### DATA SUPPLIED
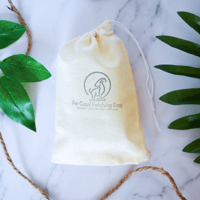 Image 2 of Pure Coconut Full 5 oz - Cleansing Facial Bar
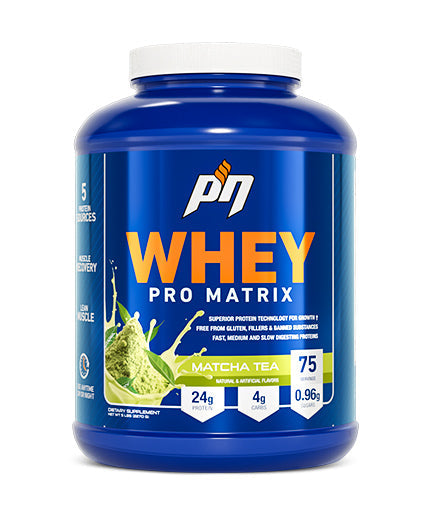 Whey PRO Matrix - 2.270 - Nutra Best Bulgaria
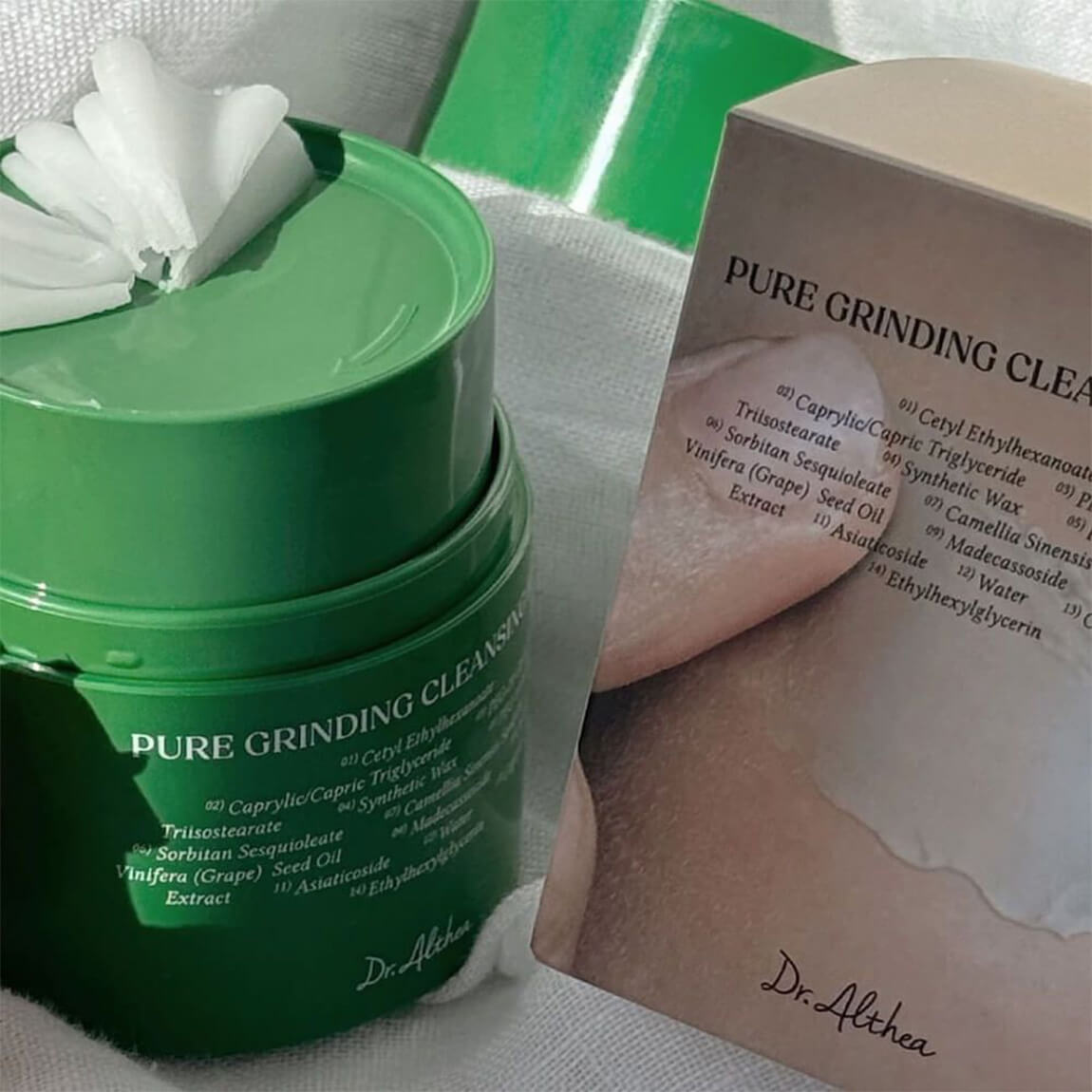 Dr. Althea Pore Grinding Cleansing Balm 50ml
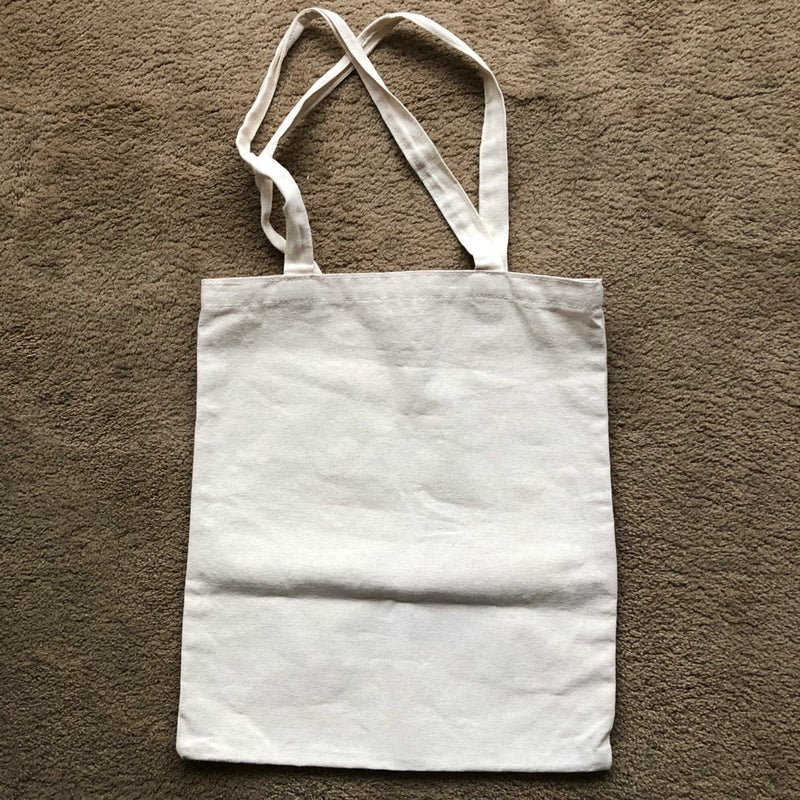 Independent Bookstore Day 2021 tote bag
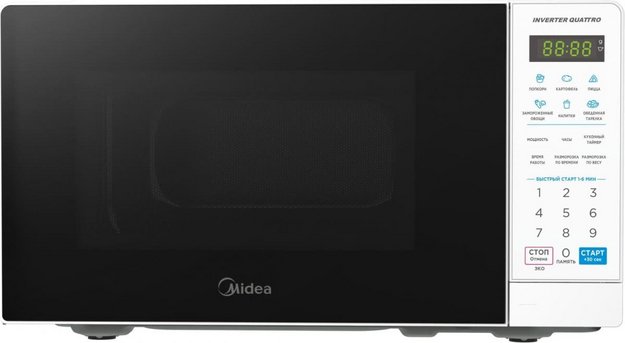 Микроволновая печь Midea EM719M2Z-W (preview 1)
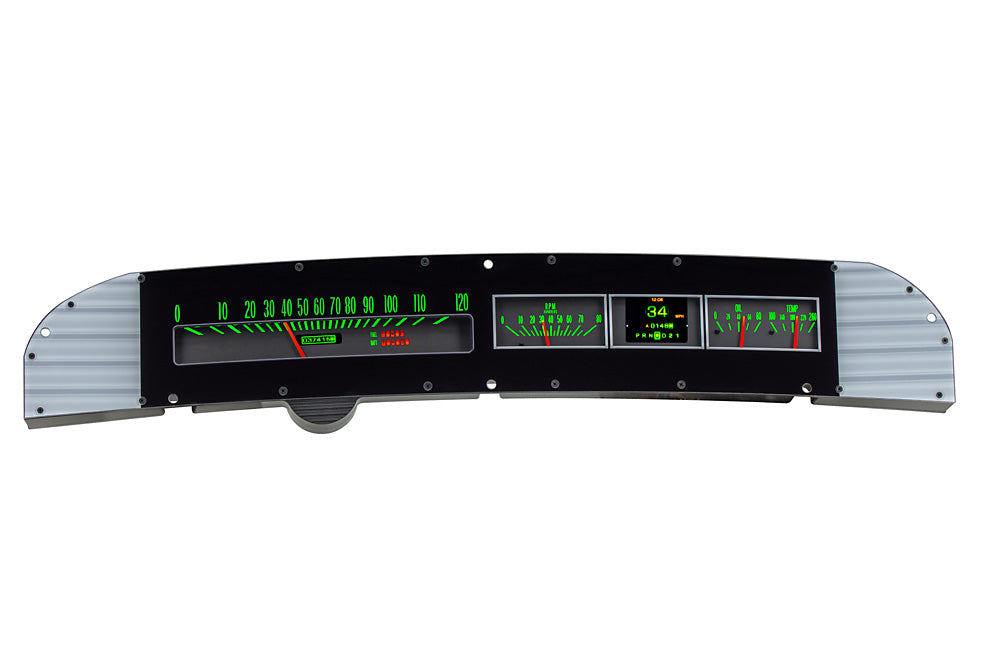 1963 Chevy Impala RTX Gauge Instruments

### TASK DESCRIPTION
Transcribe each entry precisely as given, leaving the pictures out.

### COMPLETED EXERCISE
 Image 2 of Pure Coconut Full 5 oz - Cleansing Facial Bar
 Whey PRO Matrix - 2.270 - Nutra Best Bulgaria
 Dr. Althea Pore Grinding Cleansing Balm 50ml
 Independent Bookstore Day 2021 tote bag
 Микроволновая печь Midea EM719M2Z-W (preview 1)
 1963 Chevy Impala RTX Gauge Instruments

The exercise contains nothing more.